## [TASK INSTRUCTIONS]
Everything in the data below is left aside except the lines from the one containing "do the badhoodtrap" through the one containing "202年出生男宝宝取名 马年男宝宝取名最佳用字"; repeat those exactly.

## [SUPPLIED MATERIAL]
########
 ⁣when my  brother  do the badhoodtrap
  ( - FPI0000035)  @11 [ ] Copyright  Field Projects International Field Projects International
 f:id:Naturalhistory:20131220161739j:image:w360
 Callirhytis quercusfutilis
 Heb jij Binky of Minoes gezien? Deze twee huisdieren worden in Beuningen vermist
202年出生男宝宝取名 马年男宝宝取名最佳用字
########
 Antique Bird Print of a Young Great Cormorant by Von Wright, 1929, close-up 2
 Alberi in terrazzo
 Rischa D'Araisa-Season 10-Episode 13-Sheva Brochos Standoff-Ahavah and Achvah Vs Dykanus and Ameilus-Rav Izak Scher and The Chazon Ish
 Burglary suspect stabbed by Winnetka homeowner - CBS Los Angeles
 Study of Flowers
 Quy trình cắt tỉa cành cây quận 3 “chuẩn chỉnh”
########
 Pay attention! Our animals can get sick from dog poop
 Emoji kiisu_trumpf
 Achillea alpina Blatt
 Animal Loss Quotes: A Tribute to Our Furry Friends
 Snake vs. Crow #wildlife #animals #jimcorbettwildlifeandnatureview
########
## [SOLUTION TO THIS EXERCISE]
 ⁣when my  brother  do the badhoodtrap
  ( - FPI0000035)  @11 [ ] Copyright  Field Projects International Field Projects International
 f:id:Naturalhistory:20131220161739j:image:w360
 Callirhytis quercusfutilis
 Heb jij Binky of Minoes gezien? Deze twee huisdieren worden in Beuningen vermist
202年出生男宝宝取名 马年男宝宝取名最佳用字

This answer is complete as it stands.